Can Someone Challenge A Will?

One of the most common questions we get is: What happens when a family member “fights” the will?   

The best way to answer this is to answer a different question:

What are the valid challenges to a will?

For a will to be valid, it must comply with the state laws that govern the will.

A will is typically governed by the  laws of the state where the will is signed or the law of the state where it is subsequently submitted, if that’s a different state from where it was signed. For example, if a will was signed in New York, but the deceased later became a resident of Florida and died there, the will would be governed by Florida law.

The most common requirements for a valid will are:

  1. The person signing the will was in their full mental capacity and was not under duress or compelled by someone else to sign.
  2. The person actually signed the will (not forged signature). A will signed by someone other than the deceased may be valid if that person had a valid Power of Attorney.
  3. The required number of people witnessed and attested to the signing

Note: Some states require that a will be signed in front of a notary for it to be valid.

How to manage a challenge to the will

A few basic facts about the probate process may be helpful in understanding the possible impact of a challenge to the will.

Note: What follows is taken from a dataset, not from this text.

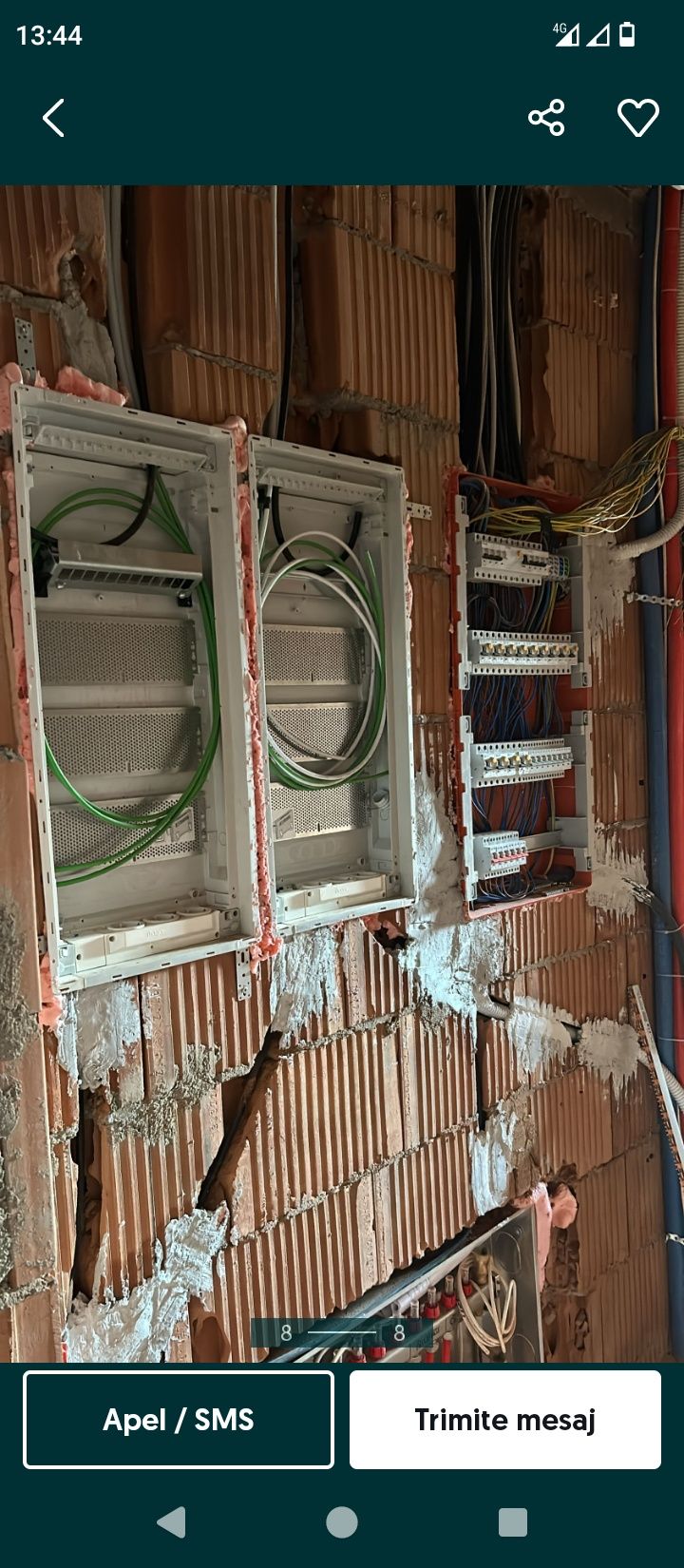 Electrician autorizat intervenții rapide București și ilfov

First, a will only governs assets that pass through probate, and not all assets do. If an asset automatically transfers to someone else — such as a retirement account with a designated beneficiary — or if the asset is governed by special marital property laws — such as community property laws — those laws will supersede any wishes set out in a will.

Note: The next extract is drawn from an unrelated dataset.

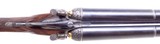 RARE Presentation 20 Gauge Houllier Blanchard Top Lever Double Barrel Shotgun Fluid Steel Barrels from 1887 - 11 of 19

See: What Assets Go Through Probate?

For example, if the will states that all the funds in the deceased’s retirement accounts should go to their nephew, but the designated beneficiary on the accounts is their ex-wife, the ex-wife is legally entitled to the funds in the retirement accounts.

Second, in most instances, anyone can be left out of a will and “disinherited” — including children. The possible exception is that some states have minimum inheritance laws for spouses regardless of the provisions of a will.

Third, proving that a person was not in their full capacity or that a will was forged is extremely difficult. Proving that the will wasn’t signed in accordance with the state laws — that it wasn’t notarized or that it wasn’t witness by enough people — may be a simpler task.

Regardless of the substance of a challenge, if someone contests the will, that action significantly increases the time and expense of the probate process. The court will schedule additional hearings, and the parties will enter into litigation.